We haven't spoken today either. He's opened my snapchats but no response. I guess it was fun while it lasted?
The ball is in his court now! If he decides to reach out, great! But if he doesn't, know you'll be okay, you're worth so much more than a boy who leaves you on read, girl!?
Did you raise any new topics or say anything that could possibly have bothered him? For example did you ask any leading questions about dating or get more sexual than before or make any critical remarks about a coworker or anything you can think of that could possibly affect how he feels about things?
If not, it's probably him not you. You have no way of knowing what's going on in his life. Maybe he went on a date with another girl for example, and thinks he shouldn't flirt with you for that reason?
Just remember that anything could be going on that you don't know about, this has happened to me before and turns out he had met someone else, I'm not saying this is neccessarily the case but boys can get turned off easily, something might have scared him off, it's most likely not you and he could have just been having a bad week.?
I can't think of anything I could have said. He was the one saying I should come see him over the weekend, and I agreed. That's when the next day he seemed weird and this all happened. I think he got scared. That, or the theory of another girl. I've asked him straight out if I did something wrong. If he doesnt reply, then that's enough proof not to waste my time :)

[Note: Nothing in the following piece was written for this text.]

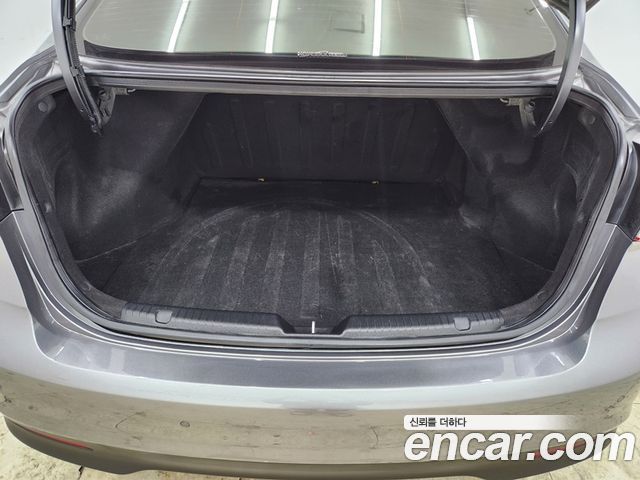 Kia K3 2017 — photo 9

Oddly enough there are things that happen in a guy's life now and then that has nothing to do with you.? Maybe he got into it with his boss or he just isn't feeling well.? It would be nice if he would share what's going on with you but one thing I have learned is that when a guy is struggling with a problem that he hasn't figured out yet the last thing he wants to do is talk about it.? Weird hu?? So, he might just be feeling very distracted right now and if you keep badgering him to tell you what is wrong it's likely to drive him farther away.It's hard to say for sure since I have no idea what your conversations were like.? I would think that there is a possibility that he is getting frustrated with the lack of progress your relationship is making, guys will only be content chatting online for so long, but it sounds like you have plans to meet up in person.? Is that still on?? If you're not sure you should ask.? If he still wants to see you then I think you are fine assuming he is still interested.